In a first for an online travel company, Travelocity.com has been fined by federal regulators for booking trips between the U.S. and Cuba in violation of a 45-year-old embargo.

Travelocity.com earlier this month paid $182,750 to settle a complaint brought by the U.S. Treasury Department's Office of Foreign Assets Control, which said the company violated the prohibition nearly 1,500 times between January 1998 and April 2004.

Treasury's complaint said Travelocity "provided travel-related services in which Cuba or Cuban nationals had an interest by arranging air travel and hotel reservations to, from, with or within Cuba without an OFAC license."

Dozens of travel service providers have been granted licenses by OFAC for approved trips to and from Cuba for everything from academic, religious and journalistic activities to humanitarian projects and visits to immediate family.

Travelocity spokesman Joel Frey on Wednesday said the company had not applied for a license and did not intend to.

"The trips to Cuba were unintentionally permitted to be booked by consumers online because of some technical failures several years ago and it's just now being finally settled with OFAC," Frey wrote in an e-mail. "In no way did the company intend to allow bookings for trips to Cuba and the company has fully cooperated with OFAC and implemented corrective measures."

Treasury spokeswoman Molly Millerwise said any individual or business that violates the Cuban sanctions can face civil or criminal penalties. She declined to say if the Travelocity investigation had been closed.

Travelocity did not voluntarily disclose the alleged violations, but did cooperate with OFAC's investigation, according to the agency's enforcement action.

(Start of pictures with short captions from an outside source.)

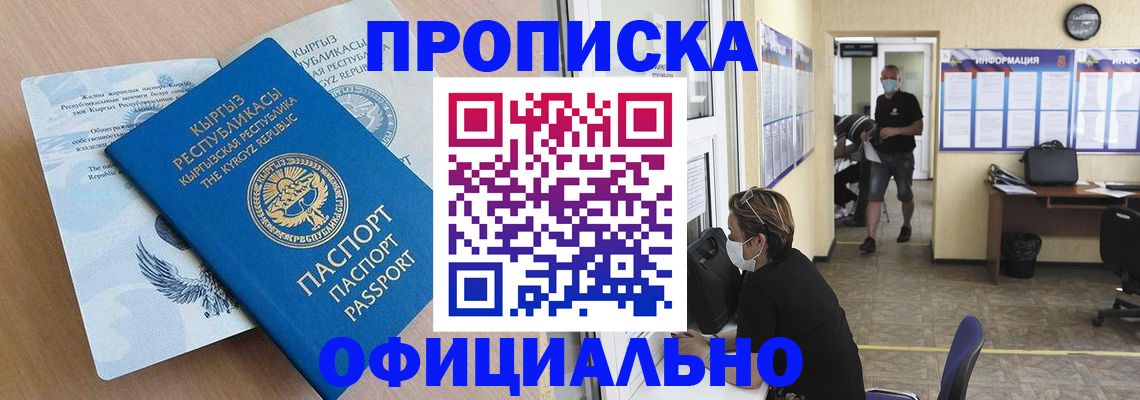 временная регистрация купить в Коломне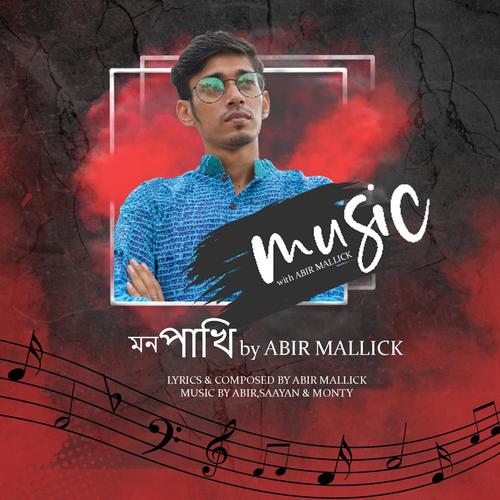 Mon Pakhi (feat. Abir Mallick)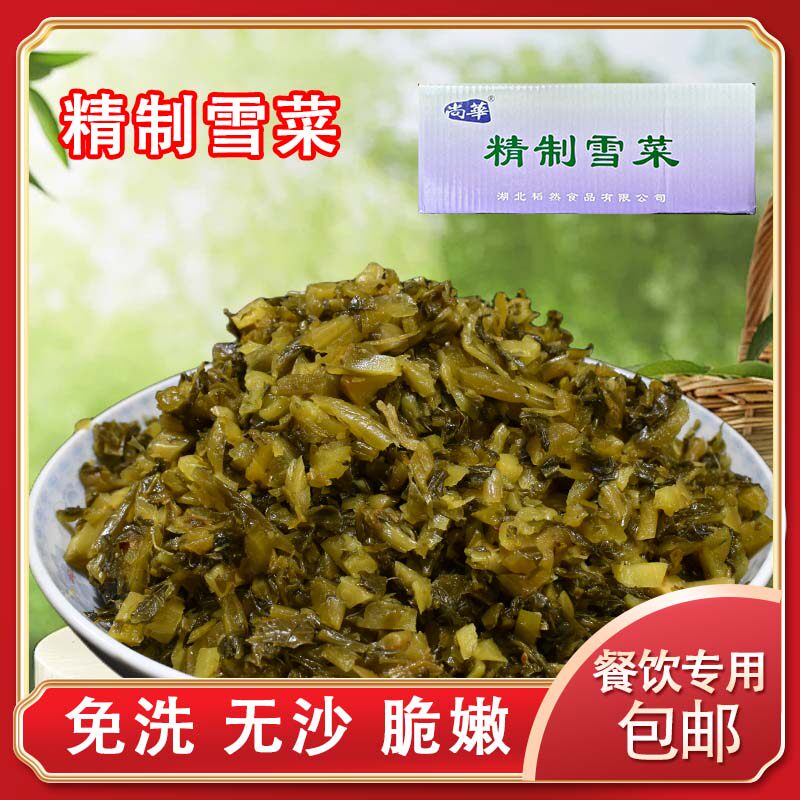 正宗雪菜咸菜雪里蕻腌菜5斤农家自制下饭菜开味菜整箱袋装雪里红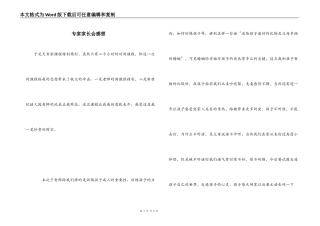 专家家长会感想
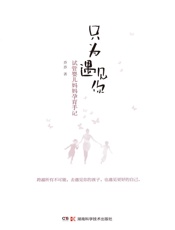 只为遇见你 试管婴儿妈妈孕育手记 - 乔乔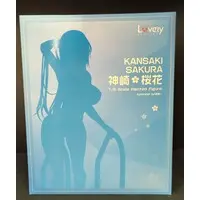 Figure - Hiiragi Yuuichi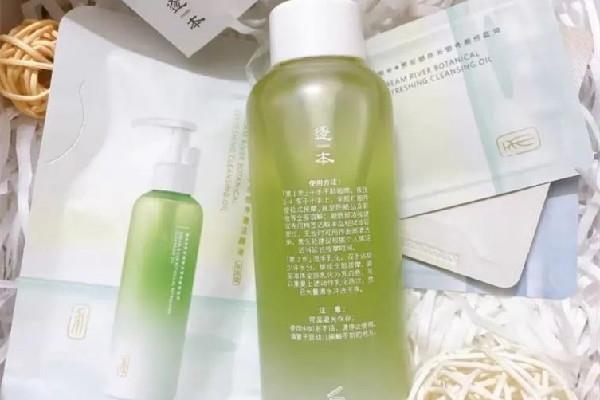 逐本卸妆油和欧莱雅卸妆油哪个好用 逐本卸妆油可以卸眼妆吗 逐本卸妆油和欧莱雅卸妆油哪个好用 逐本卸妆油可以卸眼妆吗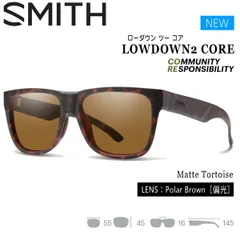 サングラス SMITH スミス LOWDOWN2 CORE ローダウンツーコア MATTE TORTOISE POLAR BROWN 山 海 釣りのサムネイル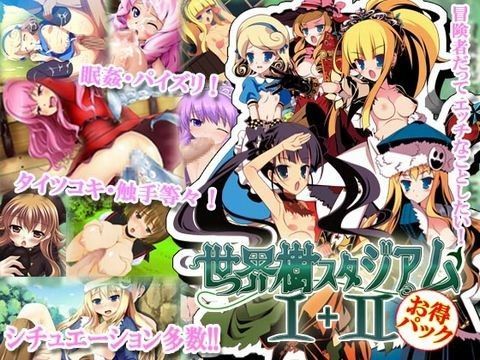 【世界樹の迷宮 同人】世界樹スタジアムI＋II 世界樹の迷宮エロ漫画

Southlake, Texas-based Travelocity is owned by Sabre Holdings Corp., which was taken private earlier this year by affiliates of Silver Lake Partners and Texas Pacific Group. Its major competitors include Orbitz Worldwide Inc. and Expedia Inc., which owns Expedia.com, hotels.com and Hotwire.

None of those companies are included on OFAC's approved list of travel service providers for Cuba.

A Mexican subsidiary of American Express Travel Related Services Co. Inc. also agreed to pay $16,625 to settle OFAC allegations of Cuba-related violations. In December 2002 and October 2003, the Mexican company made sales of group travel packages to Cuba, according to the government.

American Express voluntarily disclosed the information to OFAC, according to the enforcement action.

Elsewhere, OFAC fined one unnamed individual $999.45 and another person $510 for buying Cuban cigars for sale on the Internet.